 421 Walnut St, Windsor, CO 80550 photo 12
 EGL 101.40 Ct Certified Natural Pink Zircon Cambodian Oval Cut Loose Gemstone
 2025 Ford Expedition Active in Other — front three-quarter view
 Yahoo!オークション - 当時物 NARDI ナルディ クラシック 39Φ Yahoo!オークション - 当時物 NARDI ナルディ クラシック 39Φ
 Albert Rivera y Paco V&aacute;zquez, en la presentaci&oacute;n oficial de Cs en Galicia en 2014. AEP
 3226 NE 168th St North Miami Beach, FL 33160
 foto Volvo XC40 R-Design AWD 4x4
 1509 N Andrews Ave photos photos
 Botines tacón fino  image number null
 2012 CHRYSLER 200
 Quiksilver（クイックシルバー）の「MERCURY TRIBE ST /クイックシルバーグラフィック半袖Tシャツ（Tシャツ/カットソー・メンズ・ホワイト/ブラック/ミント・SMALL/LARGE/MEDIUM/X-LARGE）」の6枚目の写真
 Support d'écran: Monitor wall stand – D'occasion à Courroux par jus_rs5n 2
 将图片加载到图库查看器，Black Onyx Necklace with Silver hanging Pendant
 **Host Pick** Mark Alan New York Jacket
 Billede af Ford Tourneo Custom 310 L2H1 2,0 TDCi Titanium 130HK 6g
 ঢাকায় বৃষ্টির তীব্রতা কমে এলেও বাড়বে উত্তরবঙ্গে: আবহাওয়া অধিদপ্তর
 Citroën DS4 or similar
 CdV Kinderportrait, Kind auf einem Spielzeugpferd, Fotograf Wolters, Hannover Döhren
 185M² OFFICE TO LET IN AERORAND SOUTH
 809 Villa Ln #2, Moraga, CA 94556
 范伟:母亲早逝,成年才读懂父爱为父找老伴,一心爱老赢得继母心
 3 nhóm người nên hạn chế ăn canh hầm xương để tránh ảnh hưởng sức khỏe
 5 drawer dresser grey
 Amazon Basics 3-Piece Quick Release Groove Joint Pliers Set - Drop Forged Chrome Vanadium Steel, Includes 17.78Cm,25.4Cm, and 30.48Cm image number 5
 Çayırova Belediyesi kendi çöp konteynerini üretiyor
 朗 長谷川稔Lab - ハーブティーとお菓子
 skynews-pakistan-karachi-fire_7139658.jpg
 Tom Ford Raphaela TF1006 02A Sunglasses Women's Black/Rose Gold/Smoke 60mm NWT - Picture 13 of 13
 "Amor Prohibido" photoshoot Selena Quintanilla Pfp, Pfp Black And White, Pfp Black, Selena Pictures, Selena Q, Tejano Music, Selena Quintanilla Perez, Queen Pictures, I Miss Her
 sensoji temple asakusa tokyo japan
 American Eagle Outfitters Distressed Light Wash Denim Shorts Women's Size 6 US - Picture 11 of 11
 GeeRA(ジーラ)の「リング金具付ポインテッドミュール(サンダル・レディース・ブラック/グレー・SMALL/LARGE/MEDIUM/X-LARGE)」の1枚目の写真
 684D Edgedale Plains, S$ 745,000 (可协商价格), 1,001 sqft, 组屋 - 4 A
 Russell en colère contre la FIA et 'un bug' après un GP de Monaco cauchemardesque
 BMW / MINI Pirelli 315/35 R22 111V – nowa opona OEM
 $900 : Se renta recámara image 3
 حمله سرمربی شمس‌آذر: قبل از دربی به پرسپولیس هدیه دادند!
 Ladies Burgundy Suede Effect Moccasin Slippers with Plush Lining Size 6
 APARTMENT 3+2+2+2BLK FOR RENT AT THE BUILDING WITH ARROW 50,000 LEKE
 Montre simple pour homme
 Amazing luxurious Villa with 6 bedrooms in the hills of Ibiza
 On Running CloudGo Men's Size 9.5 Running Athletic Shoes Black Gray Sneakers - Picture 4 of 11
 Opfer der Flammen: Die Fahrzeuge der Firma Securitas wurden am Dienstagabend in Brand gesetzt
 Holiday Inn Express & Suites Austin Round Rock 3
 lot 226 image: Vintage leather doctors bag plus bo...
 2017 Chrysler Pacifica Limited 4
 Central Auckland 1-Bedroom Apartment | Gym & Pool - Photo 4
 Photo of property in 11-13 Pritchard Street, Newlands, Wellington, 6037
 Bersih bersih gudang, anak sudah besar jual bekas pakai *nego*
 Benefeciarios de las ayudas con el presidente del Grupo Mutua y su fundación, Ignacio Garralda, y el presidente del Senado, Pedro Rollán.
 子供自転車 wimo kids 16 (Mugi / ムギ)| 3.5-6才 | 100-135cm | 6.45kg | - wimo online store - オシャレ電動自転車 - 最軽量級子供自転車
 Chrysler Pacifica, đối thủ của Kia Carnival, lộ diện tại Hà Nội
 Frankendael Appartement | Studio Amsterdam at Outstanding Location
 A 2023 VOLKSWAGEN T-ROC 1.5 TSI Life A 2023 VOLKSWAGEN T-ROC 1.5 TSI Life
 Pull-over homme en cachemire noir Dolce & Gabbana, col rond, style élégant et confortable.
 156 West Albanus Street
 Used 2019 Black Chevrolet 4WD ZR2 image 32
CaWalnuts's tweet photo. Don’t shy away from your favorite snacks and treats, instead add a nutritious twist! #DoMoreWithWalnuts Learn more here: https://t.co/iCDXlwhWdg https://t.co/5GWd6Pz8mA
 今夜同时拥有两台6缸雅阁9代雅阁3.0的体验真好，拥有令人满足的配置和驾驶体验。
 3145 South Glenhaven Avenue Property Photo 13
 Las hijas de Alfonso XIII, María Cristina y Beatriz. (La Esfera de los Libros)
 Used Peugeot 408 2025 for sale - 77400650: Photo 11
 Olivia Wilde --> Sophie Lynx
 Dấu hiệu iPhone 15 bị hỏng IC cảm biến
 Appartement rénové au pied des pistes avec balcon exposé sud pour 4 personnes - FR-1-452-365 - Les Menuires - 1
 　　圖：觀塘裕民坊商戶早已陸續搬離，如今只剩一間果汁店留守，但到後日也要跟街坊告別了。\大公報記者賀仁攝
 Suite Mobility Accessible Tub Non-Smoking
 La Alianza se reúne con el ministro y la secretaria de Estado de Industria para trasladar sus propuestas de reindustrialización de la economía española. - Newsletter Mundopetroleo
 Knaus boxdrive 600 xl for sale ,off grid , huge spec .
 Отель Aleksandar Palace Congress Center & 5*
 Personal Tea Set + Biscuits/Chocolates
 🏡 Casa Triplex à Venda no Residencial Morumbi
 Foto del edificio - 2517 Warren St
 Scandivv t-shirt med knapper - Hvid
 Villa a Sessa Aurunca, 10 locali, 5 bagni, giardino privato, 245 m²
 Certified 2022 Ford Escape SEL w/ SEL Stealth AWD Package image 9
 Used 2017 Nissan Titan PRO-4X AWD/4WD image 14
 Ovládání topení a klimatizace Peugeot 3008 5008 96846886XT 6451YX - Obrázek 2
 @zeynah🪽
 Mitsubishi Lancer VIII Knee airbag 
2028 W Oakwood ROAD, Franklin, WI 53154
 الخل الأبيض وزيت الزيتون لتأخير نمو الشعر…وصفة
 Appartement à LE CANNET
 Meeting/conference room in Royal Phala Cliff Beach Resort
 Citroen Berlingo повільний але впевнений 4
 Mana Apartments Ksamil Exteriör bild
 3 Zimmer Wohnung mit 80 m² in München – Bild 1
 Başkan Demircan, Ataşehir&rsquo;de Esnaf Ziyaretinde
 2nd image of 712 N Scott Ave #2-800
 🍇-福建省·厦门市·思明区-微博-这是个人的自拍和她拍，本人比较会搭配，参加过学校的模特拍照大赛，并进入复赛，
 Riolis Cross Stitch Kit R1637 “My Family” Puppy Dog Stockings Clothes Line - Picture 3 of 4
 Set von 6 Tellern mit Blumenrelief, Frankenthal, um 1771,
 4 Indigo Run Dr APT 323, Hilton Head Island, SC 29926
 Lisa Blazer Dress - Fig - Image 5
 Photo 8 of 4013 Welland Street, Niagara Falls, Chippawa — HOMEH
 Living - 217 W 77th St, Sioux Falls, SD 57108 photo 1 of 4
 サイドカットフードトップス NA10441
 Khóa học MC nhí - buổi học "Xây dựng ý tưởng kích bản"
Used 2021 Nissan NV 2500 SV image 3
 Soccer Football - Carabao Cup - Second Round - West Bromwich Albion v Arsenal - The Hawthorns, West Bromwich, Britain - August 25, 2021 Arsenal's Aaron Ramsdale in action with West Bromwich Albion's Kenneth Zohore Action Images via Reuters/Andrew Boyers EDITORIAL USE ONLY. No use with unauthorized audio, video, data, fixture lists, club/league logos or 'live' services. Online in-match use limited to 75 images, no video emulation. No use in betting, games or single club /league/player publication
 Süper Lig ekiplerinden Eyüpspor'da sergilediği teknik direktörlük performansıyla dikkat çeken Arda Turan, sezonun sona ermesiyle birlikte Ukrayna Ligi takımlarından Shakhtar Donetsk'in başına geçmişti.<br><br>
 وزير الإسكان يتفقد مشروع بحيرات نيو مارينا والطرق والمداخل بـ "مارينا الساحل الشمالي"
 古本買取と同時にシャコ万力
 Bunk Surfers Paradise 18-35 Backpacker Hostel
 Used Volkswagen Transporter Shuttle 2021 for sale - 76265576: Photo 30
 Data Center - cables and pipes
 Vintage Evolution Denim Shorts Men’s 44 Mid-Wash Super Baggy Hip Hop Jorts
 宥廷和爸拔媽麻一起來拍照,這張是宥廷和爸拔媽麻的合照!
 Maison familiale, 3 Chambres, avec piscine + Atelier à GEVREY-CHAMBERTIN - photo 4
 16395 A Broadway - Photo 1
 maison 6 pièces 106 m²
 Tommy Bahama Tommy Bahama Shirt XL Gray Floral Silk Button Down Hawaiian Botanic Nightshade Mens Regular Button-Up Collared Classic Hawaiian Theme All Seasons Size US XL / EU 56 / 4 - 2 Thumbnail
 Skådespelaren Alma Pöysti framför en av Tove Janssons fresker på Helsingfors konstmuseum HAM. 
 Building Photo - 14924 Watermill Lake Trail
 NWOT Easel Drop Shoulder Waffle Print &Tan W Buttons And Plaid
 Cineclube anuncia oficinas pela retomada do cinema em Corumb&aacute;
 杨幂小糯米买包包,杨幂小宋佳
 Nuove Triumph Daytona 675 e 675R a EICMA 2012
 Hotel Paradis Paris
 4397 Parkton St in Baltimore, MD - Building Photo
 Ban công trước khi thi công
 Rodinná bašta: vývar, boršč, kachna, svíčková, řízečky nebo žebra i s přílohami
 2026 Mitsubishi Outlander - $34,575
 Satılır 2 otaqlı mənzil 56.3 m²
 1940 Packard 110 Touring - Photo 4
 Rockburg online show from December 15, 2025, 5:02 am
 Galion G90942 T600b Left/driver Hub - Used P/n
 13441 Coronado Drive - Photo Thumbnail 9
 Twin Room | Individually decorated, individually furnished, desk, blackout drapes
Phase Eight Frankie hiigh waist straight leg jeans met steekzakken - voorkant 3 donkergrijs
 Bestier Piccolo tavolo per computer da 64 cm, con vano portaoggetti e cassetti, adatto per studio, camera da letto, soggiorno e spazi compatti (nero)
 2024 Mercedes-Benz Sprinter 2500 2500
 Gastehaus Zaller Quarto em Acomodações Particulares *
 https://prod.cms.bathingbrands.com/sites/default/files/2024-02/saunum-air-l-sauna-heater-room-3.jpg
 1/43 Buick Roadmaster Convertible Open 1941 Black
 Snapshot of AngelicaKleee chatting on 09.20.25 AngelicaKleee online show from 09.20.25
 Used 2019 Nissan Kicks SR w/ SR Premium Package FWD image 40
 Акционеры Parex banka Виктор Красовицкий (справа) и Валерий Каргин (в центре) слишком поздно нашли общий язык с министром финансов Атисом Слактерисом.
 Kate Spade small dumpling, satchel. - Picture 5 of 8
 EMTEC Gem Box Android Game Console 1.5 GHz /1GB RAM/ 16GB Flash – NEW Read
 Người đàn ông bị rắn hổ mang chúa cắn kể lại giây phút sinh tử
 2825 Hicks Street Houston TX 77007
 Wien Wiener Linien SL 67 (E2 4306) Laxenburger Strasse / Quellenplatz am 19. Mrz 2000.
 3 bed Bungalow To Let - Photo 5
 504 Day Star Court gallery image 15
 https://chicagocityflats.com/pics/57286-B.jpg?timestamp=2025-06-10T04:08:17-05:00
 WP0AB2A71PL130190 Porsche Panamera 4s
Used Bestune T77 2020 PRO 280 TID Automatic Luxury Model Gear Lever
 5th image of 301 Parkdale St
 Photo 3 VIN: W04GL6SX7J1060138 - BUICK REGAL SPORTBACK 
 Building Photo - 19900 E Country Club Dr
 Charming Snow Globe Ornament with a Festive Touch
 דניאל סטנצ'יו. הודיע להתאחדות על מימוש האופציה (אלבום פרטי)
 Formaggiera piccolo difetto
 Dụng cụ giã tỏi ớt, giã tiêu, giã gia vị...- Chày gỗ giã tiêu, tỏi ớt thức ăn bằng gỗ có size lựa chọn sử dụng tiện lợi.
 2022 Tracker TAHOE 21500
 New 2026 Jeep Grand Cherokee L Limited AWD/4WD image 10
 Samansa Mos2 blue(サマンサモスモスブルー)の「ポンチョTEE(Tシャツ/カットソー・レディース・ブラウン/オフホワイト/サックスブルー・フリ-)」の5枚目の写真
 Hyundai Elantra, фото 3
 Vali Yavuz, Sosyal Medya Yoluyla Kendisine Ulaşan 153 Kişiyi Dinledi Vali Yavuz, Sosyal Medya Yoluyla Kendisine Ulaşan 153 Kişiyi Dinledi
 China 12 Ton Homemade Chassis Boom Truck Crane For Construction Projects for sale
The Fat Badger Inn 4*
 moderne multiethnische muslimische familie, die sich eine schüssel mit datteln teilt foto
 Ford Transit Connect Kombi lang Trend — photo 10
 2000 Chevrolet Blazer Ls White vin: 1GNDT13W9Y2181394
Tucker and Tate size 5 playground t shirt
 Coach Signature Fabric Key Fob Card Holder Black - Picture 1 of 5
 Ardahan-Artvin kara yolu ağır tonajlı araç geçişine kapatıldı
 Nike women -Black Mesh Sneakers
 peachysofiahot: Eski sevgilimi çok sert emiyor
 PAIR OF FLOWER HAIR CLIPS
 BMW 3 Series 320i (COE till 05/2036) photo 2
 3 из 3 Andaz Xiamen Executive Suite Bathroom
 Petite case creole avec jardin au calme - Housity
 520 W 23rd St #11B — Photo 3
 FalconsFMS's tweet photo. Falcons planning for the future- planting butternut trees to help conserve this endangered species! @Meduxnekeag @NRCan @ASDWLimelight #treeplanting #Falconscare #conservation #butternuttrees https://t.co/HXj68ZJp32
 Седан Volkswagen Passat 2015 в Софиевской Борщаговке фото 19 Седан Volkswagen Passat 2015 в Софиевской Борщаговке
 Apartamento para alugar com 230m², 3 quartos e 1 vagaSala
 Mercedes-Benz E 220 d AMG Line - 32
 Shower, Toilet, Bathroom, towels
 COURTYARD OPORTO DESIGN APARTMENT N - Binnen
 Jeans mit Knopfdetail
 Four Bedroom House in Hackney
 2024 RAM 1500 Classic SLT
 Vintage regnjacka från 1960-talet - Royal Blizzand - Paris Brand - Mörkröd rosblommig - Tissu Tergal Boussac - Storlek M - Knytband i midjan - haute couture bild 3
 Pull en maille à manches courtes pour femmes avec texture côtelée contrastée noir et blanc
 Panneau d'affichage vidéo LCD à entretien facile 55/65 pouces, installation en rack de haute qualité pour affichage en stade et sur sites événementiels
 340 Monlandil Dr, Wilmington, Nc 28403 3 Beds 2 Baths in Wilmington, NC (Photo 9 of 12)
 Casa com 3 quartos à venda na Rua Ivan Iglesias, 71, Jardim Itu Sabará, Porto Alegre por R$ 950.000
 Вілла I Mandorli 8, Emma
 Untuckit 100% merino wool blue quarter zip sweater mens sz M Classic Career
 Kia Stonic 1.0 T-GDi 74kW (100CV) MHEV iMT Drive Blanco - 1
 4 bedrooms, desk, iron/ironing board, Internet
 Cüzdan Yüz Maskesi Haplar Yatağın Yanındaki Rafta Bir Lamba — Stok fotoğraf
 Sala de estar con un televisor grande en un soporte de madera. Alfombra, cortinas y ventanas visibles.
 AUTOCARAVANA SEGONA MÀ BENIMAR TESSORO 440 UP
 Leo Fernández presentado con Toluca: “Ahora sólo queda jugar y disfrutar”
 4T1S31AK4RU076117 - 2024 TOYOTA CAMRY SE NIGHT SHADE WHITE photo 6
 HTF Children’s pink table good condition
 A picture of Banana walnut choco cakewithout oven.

==============================

Activity:
Write out exactly the lines above between the line with "Çayırova Belediyesi kendi" and the line with "Central Auckland 1-Bedroom", inclusive, and nothing beyond them.

Solution to this task:
 Çayırova Belediyesi kendi çöp konteynerini üretiyor
 朗 長谷川稔Lab - ハーブティーとお菓子
 skynews-pakistan-karachi-fire_7139658.jpg
 Tom Ford Raphaela TF1006 02A Sunglasses Women's Black/Rose Gold/Smoke 60mm NWT - Picture 13 of 13
 "Amor Prohibido" photoshoot Selena Quintanilla Pfp, Pfp Black And White, Pfp Black, Selena Pictures, Selena Q, Tejano Music, Selena Quintanilla Perez, Queen Pictures, I Miss Her
 sensoji temple asakusa tokyo japan
 American Eagle Outfitters Distressed Light Wash Denim Shorts Women's Size 6 US - Picture 11 of 11
 GeeRA(ジーラ)の「リング金具付ポインテッドミュール(サンダル・レディース・ブラック/グレー・SMALL/LARGE/MEDIUM/X-LARGE)」の1枚目の写真
 684D Edgedale Plains, S$ 745,000 (可协商价格), 1,001 sqft, 组屋 - 4 A
 Russell en colère contre la FIA et 'un bug' après un GP de Monaco cauchemardesque
 BMW / MINI Pirelli 315/35 R22 111V – nowa opona OEM
 $900 : Se renta recámara image 3
 حمله سرمربی شمس‌آذر: قبل از دربی به پرسپولیس هدیه دادند!
 Ladies Burgundy Suede Effect Moccasin Slippers with Plush Lining Size 6
 APARTMENT 3+2+2+2BLK FOR RENT AT THE BUILDING WITH ARROW 50,000 LEKE
 Montre simple pour homme
 Amazing luxurious Villa with 6 bedrooms in the hills of Ibiza
 On Running CloudGo Men's Size 9.5 Running Athletic Shoes Black Gray Sneakers - Picture 4 of 11
 Opfer der Flammen: Die Fahrzeuge der Firma Securitas wurden am Dienstagabend in Brand gesetzt
 Holiday Inn Express & Suites Austin Round Rock 3
 lot 226 image: Vintage leather doctors bag plus bo...
 2017 Chrysler Pacifica Limited 4
 Central Auckland 1-Bedroom Apartment | Gym & Pool - Photo 4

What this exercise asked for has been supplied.